Ein Schüler aus einer Gruppenführung gesteht in einer Gedenkstätte für die Opfer des Nationalsozialismus, dass er einen schwerstbehinderten Bruder hat, der nur im Bett liegen kann und rund um die Uhr gepflegt werden muss. Danach entwickelt sich folgende Szene:

„Alle Schulkolleginnen und Kollegen waren überrascht. Sie dürften davon nichts gewusst haben. Die Mädchen umarmten ihn, ein paar Burschen klopften ihm aufmunternd auf die Schultern. […] Dann sage ein Schulkollege: Aber wozu ist er denn dann wirklich da, wenn er nichts anderes tun kann, als herumliegen und in die Luft schauen?

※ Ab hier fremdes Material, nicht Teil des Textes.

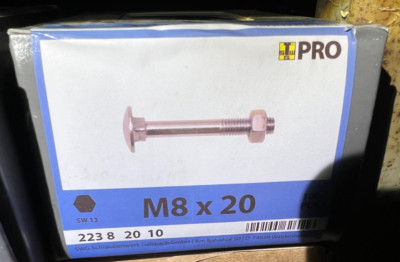 Schlossschrauben M8x20mm inkl. Mutten 100Stück / Restposten  H2Breg6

Keiner sagte etwas, alle waren baff. Selbst der, der die Frage gestellt hatte, schien verblüfft über die eigene Frage. Er lief rot an, schaute in den Boden hinein und kratz[t]e sich hinter dem Ohr. Es schien ja auch eine logische Frage zu sein, dachte ich. Wer hat sich diese Frage denn noch nicht gestellt, beziehungsweise die Frage: Ist das ein Leben? […] Gute Frage, sagte der andere, mein Bruder ist dazu da, damit wir ihn lieb haben können und damit er uns lieb haben kann!, sagte er.

Eine einfache Antwort auf eine komplizierte Frage, dachte ich. Das gibt es selten.“

(Harald Darer, Mongo, Wien: Picus Verlag, S. 185, 187)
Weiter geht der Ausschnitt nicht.